By Andrew Osborn
MOSCOW (Reuters) -Russian President Vladimir Putin on Thursday told African leaders he would gift them tens of thousands of tons of grain despite Western sanctions, which he said made it harder for Moscow to export its grain and fertilisers.
Speaking at a Russia-Africa summit in St Petersburg, Putin said Russia was ready to replace Ukrainian grain exports to Africa on both a commercial and aid basis to fulfil what he said was Moscow’s critical role in global food security.
“We will be ready to provide Burkina Faso, Zimbabwe, Mali, Somalia, Central African Republic and Eritrea with 25-50,000 tonnes of free grain each in the next three to four months,” Putin told the summit, whose participants applauded.
Last year, Russia exported 60 million tonnes of grain, of which 48 million was wheat, Putin said. U.N. chief Antonio Guterres called the promised grain “a handful of donations”.
Many of the African countries Putin listed already enjoy close ties with Moscow; he omitted others in need such as Sudan and Chad.
Zimbabwe’s president said he was grateful, even though his country already had enough to ensure its own food security.
Russia held its first Africa summit in 2019 and is pushing even harder, since sending troops into Ukraine, for influence and business on a continent where its Wagner mercenary group remains active despite an abortive mutiny at home last month.
Photographs purporting to show Wagner chief Yevgeny Prigozhin meeting African officials on the sidelines of the summit surfaced on the Telegram app on Thursday. Reuters was unable to immediately verify when and where they had been taken.
Responding to Western criticism of Moscow’s decision to quit the Black Sea grain deal, in which it allowed Ukraine to ship grain from its seaports despite the war, Putin restated his argument that a parallel memorandum promising to facilitate Russian grain and fertiliser exports had been ignored.
Comoros President Azali Assoumani, chair of the African Union, said Russia’s complaints should be listened to, the Russian state news agency RIA reported:
“I shouldn’t say that Russia is right or wrong.
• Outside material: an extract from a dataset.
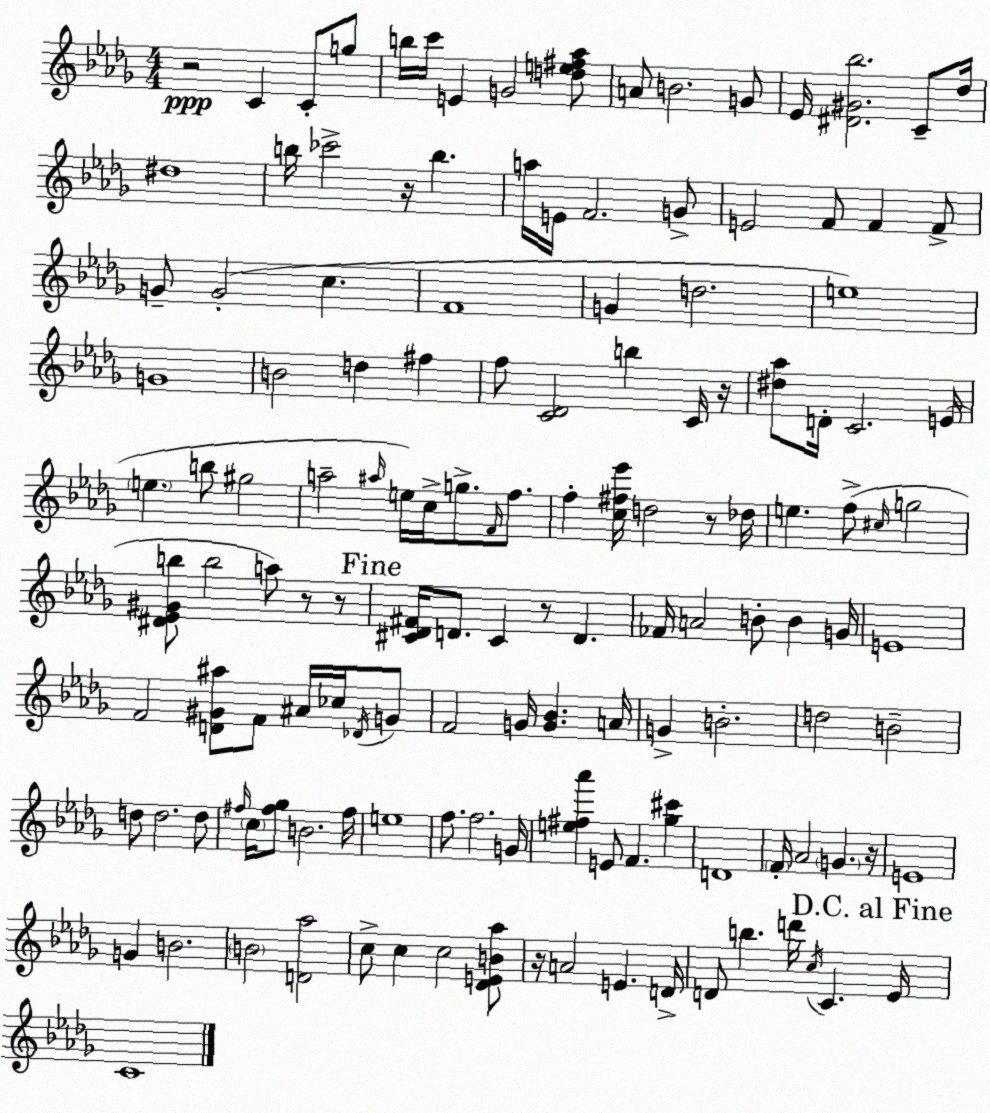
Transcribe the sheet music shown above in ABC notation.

It acted for its own reasons; now we need to hear them in order to try to move forward.”
GLOBAL WHEAT PRICES SOARING
However, the collapse of the deal, and Russia’s bombing of the Danube river ports that Ukraine has used as a roundabout export route, have driven up global wheat prices by about 10% in the past 10 days.
“When taking out of the market millions and millions of tonnes of grains, it is clear that … will lead to higher prices,” U.N. Secretary-General Guterres told reporters.
“So it’s not with a handful of donations to some countries that we correct this dramatic impact that affects everybody, everywhere.”
Putin told the summit that over 70% of Ukrainian grain exported under the deal had gone to countries with above-average income.
the poorest countries, like Sudan, had been “screwed over” and received less than 3% of the shipments, he said, ignoring the fact that Ukrainian supply has helped keep global prices down.
Putin said Western sanctions imposed in response to Russia’s war in Ukraine, which Moscow calls a “special military operation”, had even prevented Russia supplying free fertiliser to poor nations.
Russia’s grain and fertiliser exports are not subject to Western sanctions, but Moscow says restrictions on payments, logistics and insurance are a barrier to shipments.
“On the one hand, Western countries are obstructing supplies of our grain and fertilisers, while on the other they hypocritically blame us for the current crisis situation on the world food market,” said Putin.
Assoumani, who shared the stage with Putin, appealed in his speech for “peaceful co-existence” between Russia and Ukraine, saying this would save the lives of those who needed their food.
Russia says 49 of Africa’s 54 states have sent representatives to St Petersburg, including 17 heads of state and four heads of government.
Yet that is fewer than half the number of leaders who attended the 2019 summit – something the Kremlin has blamed in part on Western countries’ efforts to dissuade them from going.